【知られざるカメラ】第6回:キャノンオートボーイTELE6


 

オートボーイシリーズの異端児
キャノンオートボーイは、1979年に発売した初代のAF35Mから現在まで60
種類以上も生産されたキャノンの大ベストセラーシリーズです。名前にオート
とある通り、露出、ピント、フィルムの巻き上げ巻き戻しを全て自動化するこ
とで、フィルムカメラを更に身近なものにしました。
このオートボーイシリーズには、電池不要でソーラーパネル搭載の「SE」や、
デザインが斬新的な「JET」等、意欲的なモデルもあります、今回ご紹介する
「TELE6」も、かなり個性的なオートボーイです。

フルサイズと縦撮りハーフサイズで6通り
「TELE6」は、オートボーイシリーズで唯一ハーフサイズが撮影可能なカメラです、
ハーフだけでなくフルサイズもOK。また、名前にある6の意味ですが、このカメラに
搭載されたレンズは2焦点レンズと言いまして、35mmと60mmの2つのレンズを
内蔵(ズームではありませんので中間の距離はありません)、更にオプションのテレ
コンレンズを装着して3つの焦点距離を、フルサイズとハーフの両方、つまり6通り
の焦点距離で撮影を可能にしたので「TELE6」の名前になったのでしょう。

※フルサイズとハーフサイズの切替は黄色のツメを移動します、撮影中の切替は不可。

数少ないオートフォーカスのハーフカメラであり、フルサイズとの切替が可能で、
オリンパスPENシリーズのように縦撮りハーフフォーマット、現在市場で販売して
いるカメラで共通性があるのは、Diana MiniとトイデジのGIZMON HALF Dぐら
いでしょうか?

異彩を放つ珍品
この「TELE6」は、一種独特なカメラです。電源スイッチを入れてもレンズが見えません。
シャッターを押した時のみレンズが飛び出してきます、初めてこのカメラで撮られる方は
少しビックリされると思います。
ただ、スイッチを入れても、レンズバリア内に収まったままなので、スイッチ入れたままなんてこともあります。ちなみに電池は2CR5、約1,500円程しますので、スイッチはよく確認した方がいいですね。

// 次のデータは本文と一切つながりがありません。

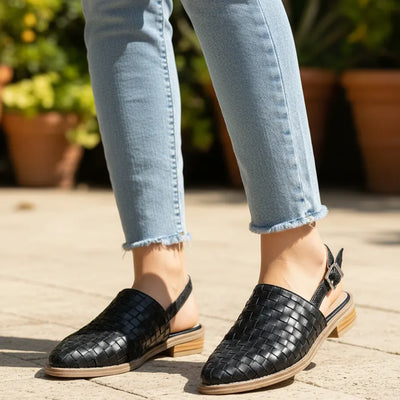 ZUECOS EMA NEGRO TRAMADO Tipo SLIPPERS con PULSERA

このほかにも、デート機能が面白く、日付の写し込みがハーフでも可能なのが珍しい、そして成長記録という、撮影時の被写体の年齢が写し込めます。また、フィルム装填日を確認出来る便利な?機能もあります。あと、バルブとインターバル撮影やティルトの機能もついています。

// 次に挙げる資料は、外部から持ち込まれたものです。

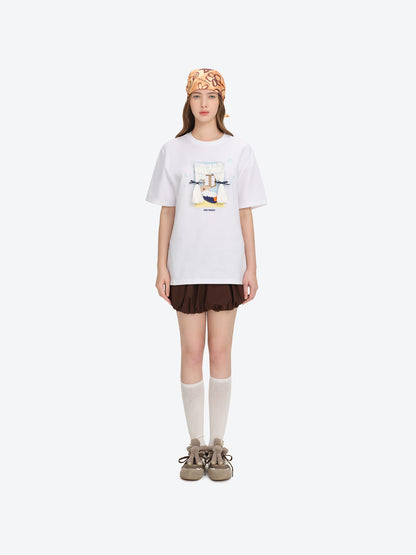 13DE MARZO Patchwork Bear Bath Scene T-shirt White - 13DE MARZO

※背面、液晶は成長記録(41y 2m→41才2ヶ月)


※ボディ下部からニョキッと突起が出て、カメラを傾けることで
3脚がなくても、セルフタイマーで記念撮影を可能にします。


※フラッシュは発光禁止モードはなく自動発光です、カメラ側
の判断でガンガン発光します。

写りについては、遠景以外はシャープにクッキリ描写します。

リンク:キャノンカメラミュージアム オートボーイ テレ6

(試し撮り)


フルサイズ撮影/Film:efiniti UXi super200
(※近景はしっかり描写します。)


フルサイズ撮影/Film:efiniti UXi super200
(※室内をストロボ自動発光..自然な写りです。)


ハーフサイズ撮影(デート機能ON)/Film:efiniti UXi super200
(※ハーフで連射してみましたが….遠景の描写は厳しい)


ハーフサイズ撮影(モノクロ)


ハーフサイズ撮影(モノクロ)

私が最初に所有したハーフサイズカメラがTELE6でして、モノクロ
フィルムを詰めてよく撮影会等に持っていきました。
ボディも大きめでシャッター音も大きく、無骨な感じながら、きめ細
やかな機能満載の面白いカメラです。
最大の魅力はオートフォーカスによるハーフサイズ撮影ですね。